I have watched the corporations log right down to the beach leaving a thin 66-foot buffer and in some cases no buffer.

I have watched the Native corporations log mile-wide swaths 10 miles long, leaving no wildlife corridors.

I have watched the corporations foul the sea floor with toxic bark.

I have watched with horror raw logs being loaded on to ships and exported to Asia along with all the jobs associated with processing these logs.

I have watched all of this for over 25 years out of my living room window and it seems with the blessing of DNR. The ADF&G Habitat Division is the only entity allowed to approve, disapprove or even make comments about corporate logging on private land.
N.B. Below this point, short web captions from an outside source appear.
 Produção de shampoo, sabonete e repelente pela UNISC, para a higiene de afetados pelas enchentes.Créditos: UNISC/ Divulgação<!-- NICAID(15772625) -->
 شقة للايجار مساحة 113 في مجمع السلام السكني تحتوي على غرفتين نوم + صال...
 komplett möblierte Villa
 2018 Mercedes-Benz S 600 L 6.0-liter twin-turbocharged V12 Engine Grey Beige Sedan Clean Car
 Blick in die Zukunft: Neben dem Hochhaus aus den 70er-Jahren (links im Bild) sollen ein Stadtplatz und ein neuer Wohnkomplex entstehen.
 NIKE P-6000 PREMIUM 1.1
The Hoonah Indian Association, the Hoonah ANB and the Hoonah Tlingit & Haida Community Council have all submitted resolutions protesting corporate and USFS logging and in several resolutions asked that all clear-cutting be stopped. The corporations along with the Knowles administration ignored these resolutions and the Knowles administration was considered by the present administration to be anti-development. Now it seems that Gov. Murkowski wants to eliminate all processes of opposition. He said he would work closely with the rural communities and Native corporations to help develop our natural resources. One of our most precious resources, the forest, has been developed almost to the point of nonexistence in and around Hoonah.

Gov. Murkowski said he is concerned about the welfare and continued prosperity of Alaskans, but I can't understand how the elimination of the resource that protects our chosen and precious way of life (hunting, fishing, subsistence gathering, etc.) can be beneficial to us or the next generation.